>>>

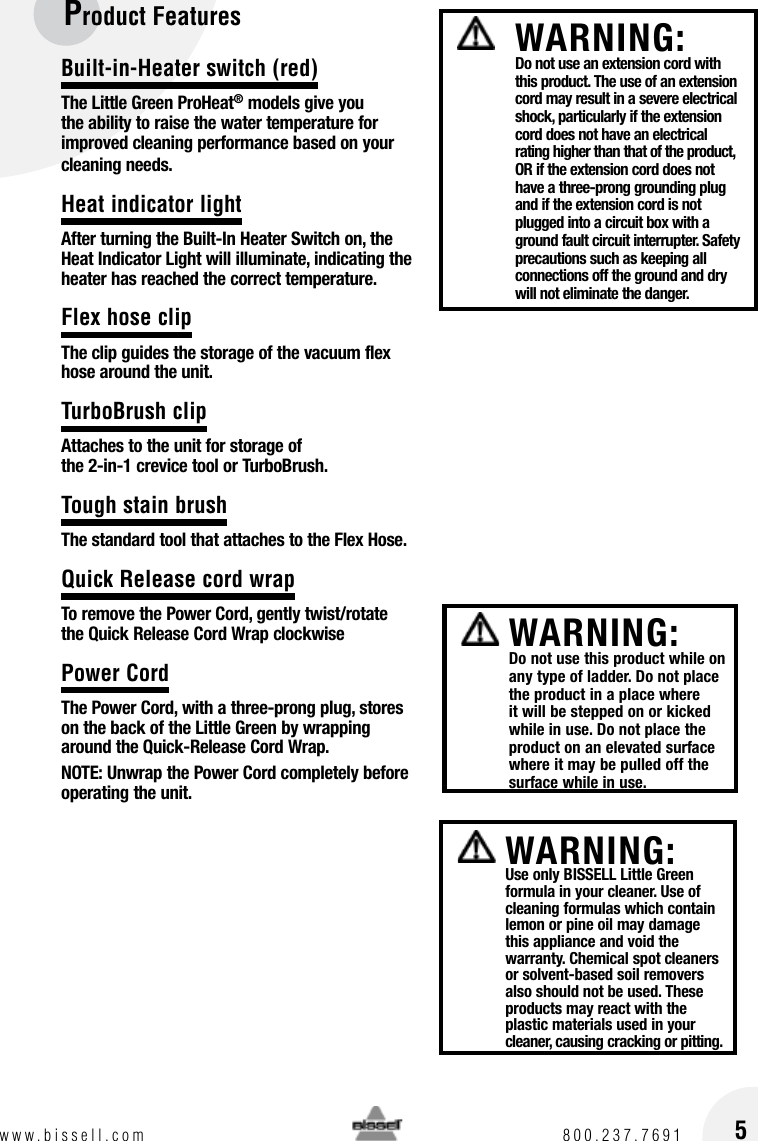 Page 5 of 12 - Bissell Bissell-Little-Green-Proheat-14259-Owners-Manual
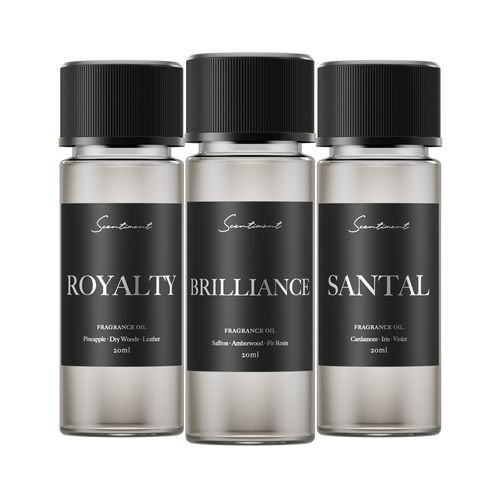 Top 3 Designer Scents Sample Discovery Set: 1. Brilliance Inspired by Baccarat Rouge 540 2. Royalty Inspired by Creed® Aventus 3. Santal Inspired by Le Labo® Santal 33
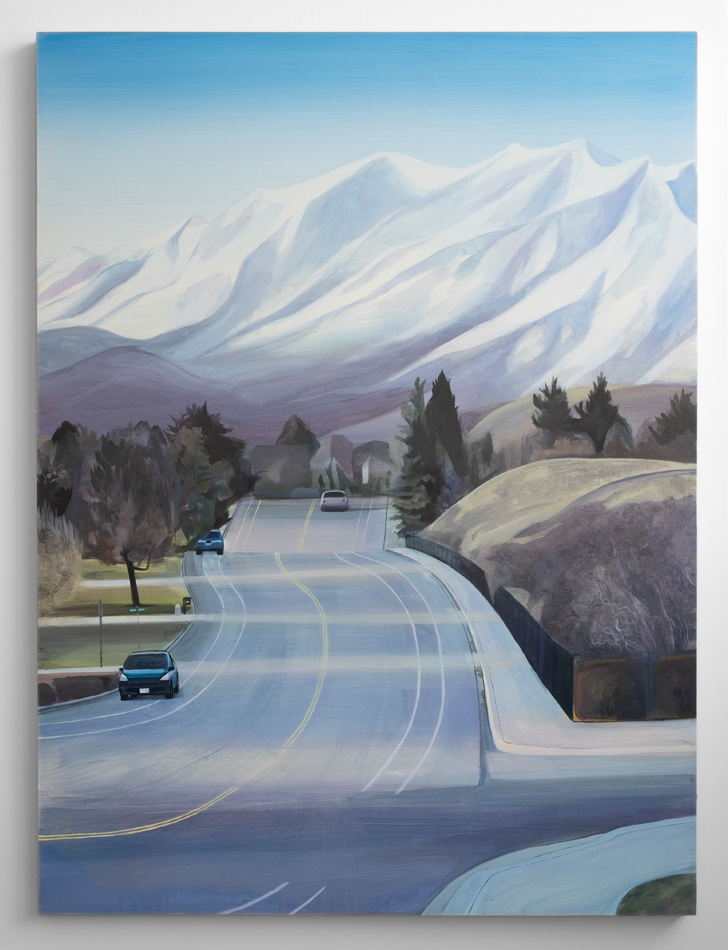 Painting by Madeline Rupard of a road cutting through a canyon.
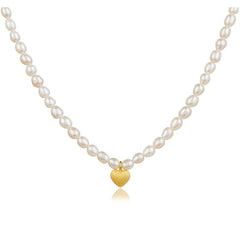 Minimalist Pearl Necklace with Gold Heart Charm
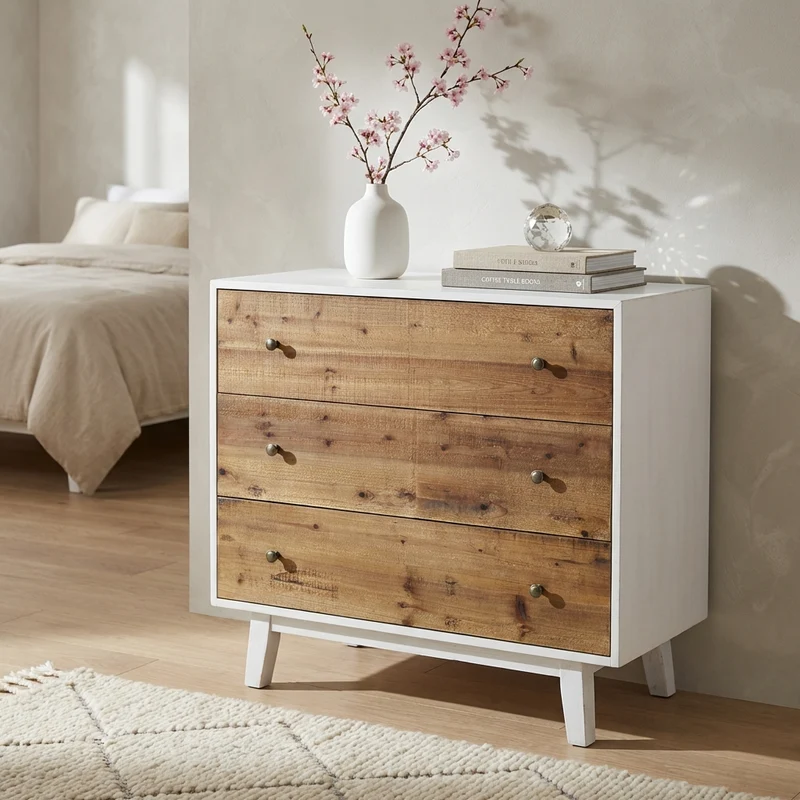 Cassettiera con 3 cassetti in Legno Composito cm 100x45x90 - JONNY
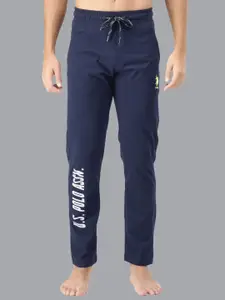 U.S. Polo Assn. Men Navy-Blue Solid Straight-Fit Lounge Pants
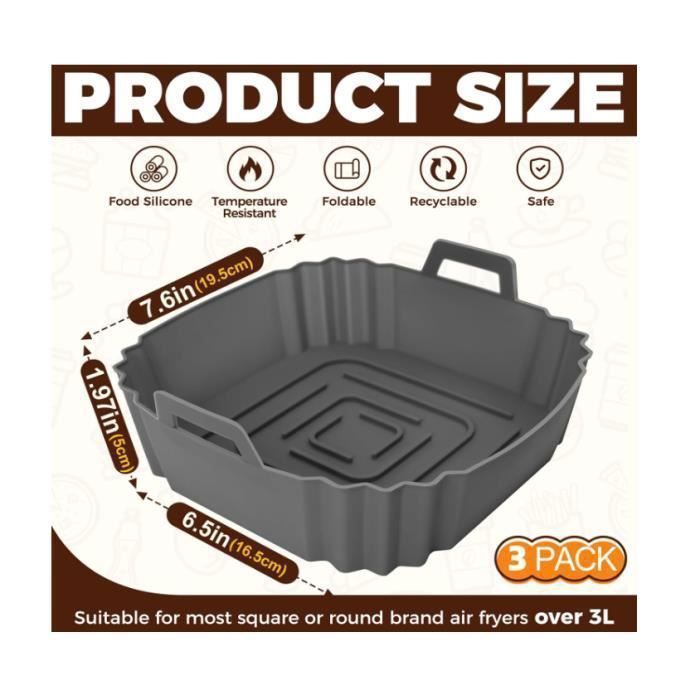 Molde de silicona de 3 piezas para freidora de aire: reutilizable, apto para horno y microondas.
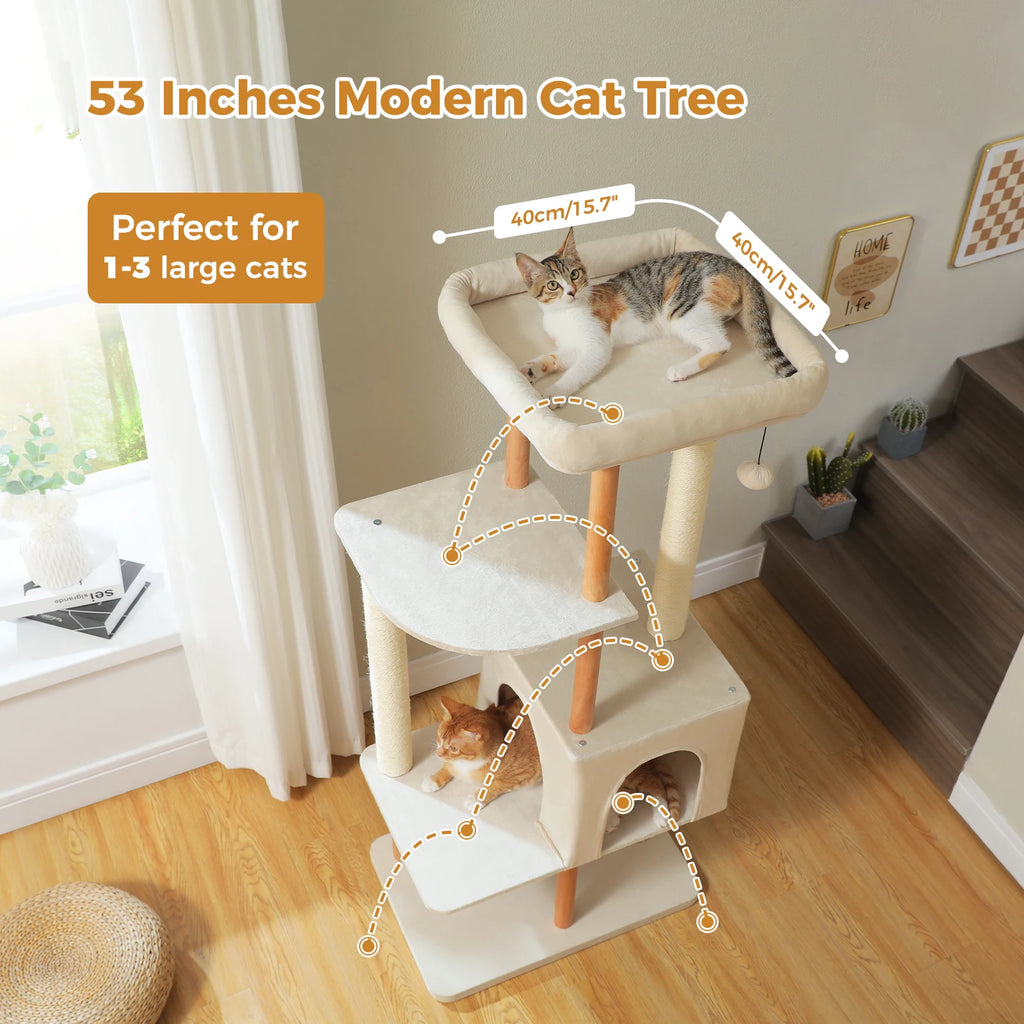 Multi-Level Wooden Cat Tower with Large Condo and Sisal Posts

<<<

Your task is to repeat the entries above exactly, omitting the pictures.

- **The answer**
 Page 5 of 12 - Bissell Bissell-Little-Green-Proheat-14259-Owners-Manual
 Top 3 Designer Scents Sample Discovery Set: 1. Brilliance Inspired by Baccarat Rouge 540 2. Royalty Inspired by Creed® Aventus 3. Santal Inspired by Le Labo® Santal 33
 Painting by Madeline Rupard of a road cutting through a canyon.
 Minimalist Pearl Necklace with Gold Heart Charm
 Cassettiera con 3 cassetti in Legno Composito cm 100x45x90 - JONNY
 U.S. Polo Assn. Men Navy-Blue Solid Straight-Fit Lounge Pants
 Molde de silicona de 3 piezas para freidora de aire: reutilizable, apto para horno y microondas.
 Multi-Level Wooden Cat Tower with Large Condo and Sisal Posts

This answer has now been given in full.